If you’re interested in trying these out, he’s my recipe.  I don’t usually eat anything resembling this meal, but if you’re interested in trying something new this is a good way to start.  If you would’ve told me a few months ago that I would be attempting to cook vegan, I would’ve laughed at you.  Buuuut, the ladies will make you do weird things.

Oh, and for the first time I actually measured everything.

INGREDIENTS

Makes 12 small patties, or 4 large ones.

– 1 tbsp olive oil
– 1/4 cup diced onion
– 1/4 cup diced green pepper
– 1 celery stalk, diced
– 2 cloves minced garlic
– 1 280z can chickpeas (drained)
– 1 tsp thyme
– 1 tsp paprika
– 1 tsp cumin
– cayenne pepper – I used about 2 tsp, but I like things spicy.
– dash hot sauce – Again, I used more but I like things spicy
– 2 tbsp chopped fresh parsley
– 2 tbsp flour
– 1 tbsp cornstarch
– salt and pepper to taste
– olive oil for cooking

COOKING

1. Heat the olive oil in a frying pan over medium heat. Saute onion, green pepper, garlic and celery until softened/browned. Enjoy the smell of your home.  Remove from heat.
2. Place the chickpeas in a food processor along with the onion mixture. Pulse until chickpeas are no longer whole, but don’t process them too much. Place chickpeas in a bowl and add spices, hot sauce, and parsley. Mix well. Add flour and cornstarch and mix well. Place in the fridge for 30 mins or so.
3. Heat oil in a frying pan over med/med-hi heat. Shape chickpea mixture into 12 or 4 patties and fry in batches, about 2-3 mins per side, or until crispy and browned.
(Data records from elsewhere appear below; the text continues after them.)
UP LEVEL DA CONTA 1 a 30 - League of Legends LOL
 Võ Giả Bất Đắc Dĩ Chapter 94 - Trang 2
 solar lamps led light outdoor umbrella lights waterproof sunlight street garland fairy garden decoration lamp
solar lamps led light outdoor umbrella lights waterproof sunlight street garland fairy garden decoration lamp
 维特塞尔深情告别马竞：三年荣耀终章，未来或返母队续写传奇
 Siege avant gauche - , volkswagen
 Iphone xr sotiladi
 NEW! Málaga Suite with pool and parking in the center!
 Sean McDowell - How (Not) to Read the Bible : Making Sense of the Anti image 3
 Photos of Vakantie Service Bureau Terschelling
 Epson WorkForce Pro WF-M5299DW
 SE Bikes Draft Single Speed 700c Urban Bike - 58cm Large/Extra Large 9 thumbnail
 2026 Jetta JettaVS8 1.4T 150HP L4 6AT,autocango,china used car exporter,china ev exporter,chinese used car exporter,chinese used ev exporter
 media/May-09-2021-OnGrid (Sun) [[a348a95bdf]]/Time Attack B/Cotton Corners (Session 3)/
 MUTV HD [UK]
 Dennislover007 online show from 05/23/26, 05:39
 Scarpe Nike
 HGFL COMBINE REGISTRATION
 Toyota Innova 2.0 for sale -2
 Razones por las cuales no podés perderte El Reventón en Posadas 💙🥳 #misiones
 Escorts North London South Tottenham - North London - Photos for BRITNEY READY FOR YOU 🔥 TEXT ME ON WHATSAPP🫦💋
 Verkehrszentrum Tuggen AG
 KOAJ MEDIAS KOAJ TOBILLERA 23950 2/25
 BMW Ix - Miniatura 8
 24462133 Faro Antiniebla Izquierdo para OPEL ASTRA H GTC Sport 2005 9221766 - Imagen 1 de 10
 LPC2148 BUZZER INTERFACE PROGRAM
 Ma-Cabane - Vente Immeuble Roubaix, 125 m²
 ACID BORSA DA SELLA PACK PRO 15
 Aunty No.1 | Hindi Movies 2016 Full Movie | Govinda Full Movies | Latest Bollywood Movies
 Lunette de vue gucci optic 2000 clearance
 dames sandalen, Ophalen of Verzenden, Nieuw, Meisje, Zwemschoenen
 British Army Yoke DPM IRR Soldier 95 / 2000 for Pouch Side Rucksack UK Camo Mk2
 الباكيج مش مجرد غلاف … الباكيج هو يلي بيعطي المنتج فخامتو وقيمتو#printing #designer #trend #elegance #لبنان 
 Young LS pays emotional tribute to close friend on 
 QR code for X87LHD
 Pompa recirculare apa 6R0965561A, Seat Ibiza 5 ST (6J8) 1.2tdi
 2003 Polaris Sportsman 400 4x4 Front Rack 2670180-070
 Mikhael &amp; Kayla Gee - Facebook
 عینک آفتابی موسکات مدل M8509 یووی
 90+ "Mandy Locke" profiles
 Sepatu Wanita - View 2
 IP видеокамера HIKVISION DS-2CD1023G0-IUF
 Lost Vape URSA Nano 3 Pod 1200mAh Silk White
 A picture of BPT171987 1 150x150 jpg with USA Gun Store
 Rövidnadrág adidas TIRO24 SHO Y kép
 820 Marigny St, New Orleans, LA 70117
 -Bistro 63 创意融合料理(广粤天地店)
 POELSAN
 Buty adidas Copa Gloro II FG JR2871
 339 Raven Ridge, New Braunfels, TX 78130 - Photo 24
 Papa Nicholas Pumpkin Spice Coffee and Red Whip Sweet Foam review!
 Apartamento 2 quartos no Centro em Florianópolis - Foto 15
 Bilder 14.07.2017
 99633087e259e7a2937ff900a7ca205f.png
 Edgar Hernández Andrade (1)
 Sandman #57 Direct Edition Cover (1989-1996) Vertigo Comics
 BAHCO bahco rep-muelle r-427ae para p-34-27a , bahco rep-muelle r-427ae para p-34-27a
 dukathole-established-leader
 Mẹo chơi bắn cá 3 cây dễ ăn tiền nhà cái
Flip a few times if they are browning too quickly. If you have trouble forming the patties, add some more cornstarch to hold it all together.
One thing I should mention is that if you have trouble with the inside being a bit too mushy, cook the patties in the oven on 350 degrees for about 10 minutes before frying.  This will give you guaranteed even cooking all the way through.